The police officers will also be sent a form to allow their home addresses to be redacted from public view. Voter registration information is public record under Ohio law.
Ohio law allows police officers, prosecutors, corrections officers, parole office and firefighters to request that their home addresses be redacted from public view.
Registering to vote under a false address is a felony, punishable by up to one year in prison.
Among the 85 persons who will receive letters from the board are 22 people who travel almost constantly in recreational vehicles and who have been using the Family Motor Coach Association in Newtown as their voting address. They stop occasionally at the Family Motor Coach Association to have their RVs serviced and, in some cases, to pick up their mail.

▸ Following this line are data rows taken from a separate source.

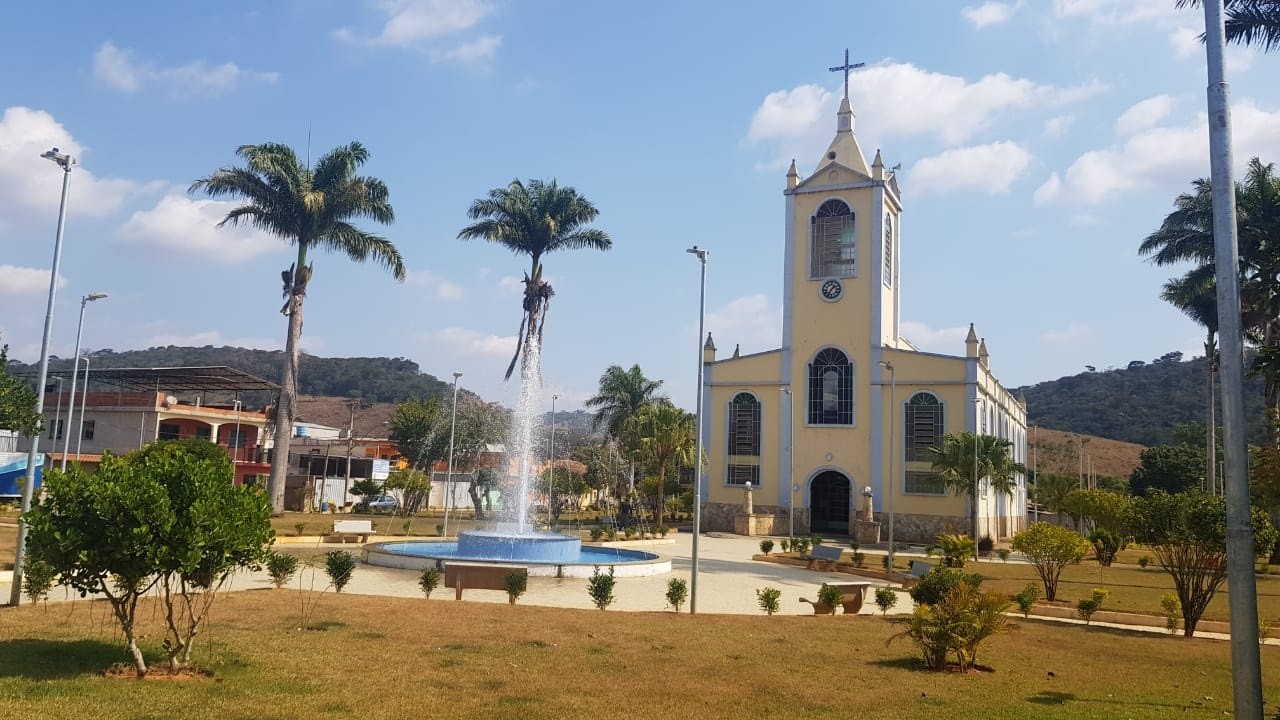 Praça em cidade do interior de Minas Gerais, com igreja e chafariz ao centro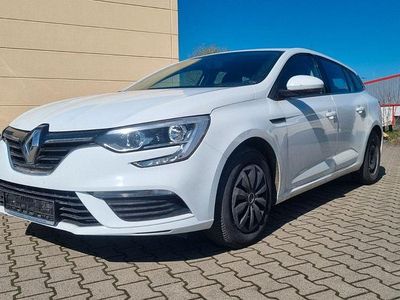 Second-hand Renault Mégane GrandTour Life 101 CP (74 kW) 2017 Alb Break
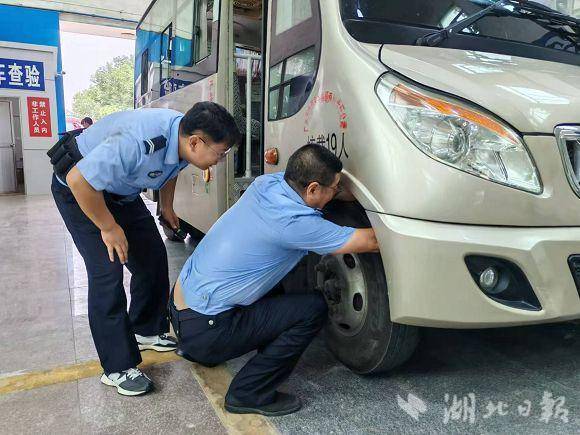 当好“店小二”，广水公安交警优化营商环境推进企业发展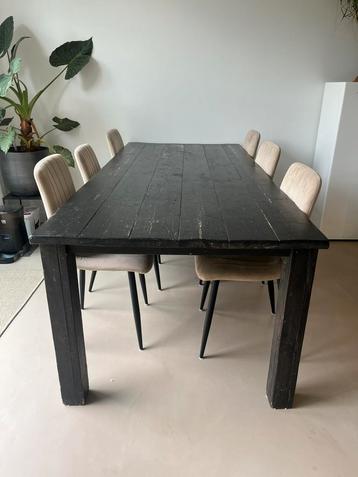 Stijgerhouten tafel zwart beschikbaar voor biedingen
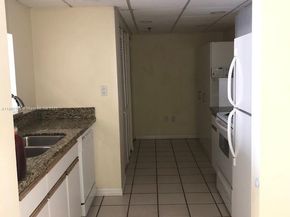 540 Brickell Key Dr 1706, Miami FL 33131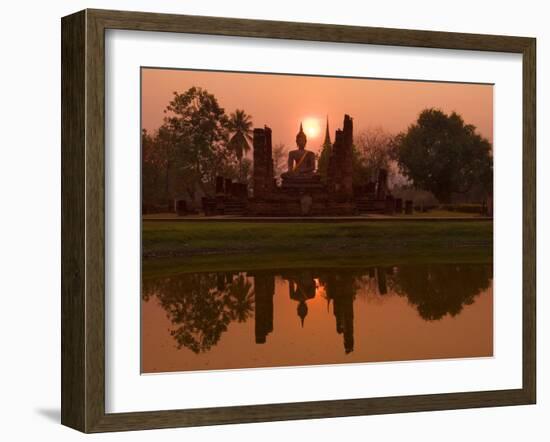 Wat Mahathat, Sukhothai Historical Park, UNESCO World Heritage Site, Sukhothai Province, Thailand,-Ben Pipe-Framed Photographic Print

The Family Motor Coach Association provided the board with information showing that they warn their customers not to use the Newtown address for voting purposes.
Others receiving letters are people who are using either post office boxes or mail boxes at private companies like UPS as their voting addresses.
Hamilton County elections director Amy Searcy said the board is still investigating another 15 police officers who appear to be using police stations as their voting addresses.
Both the two Republicans and the two Democrats on the board of elections approved sending out the letters.
“I would be in favor of sending letters to those people in these categories to the best addresses we have for them and tell them it is a violation,’’ said Hamilton County elections board chairman Tim Burke, a Democrat. “We give them a period of time to correct their registrations and if they do not do that, we take them off the rolls.”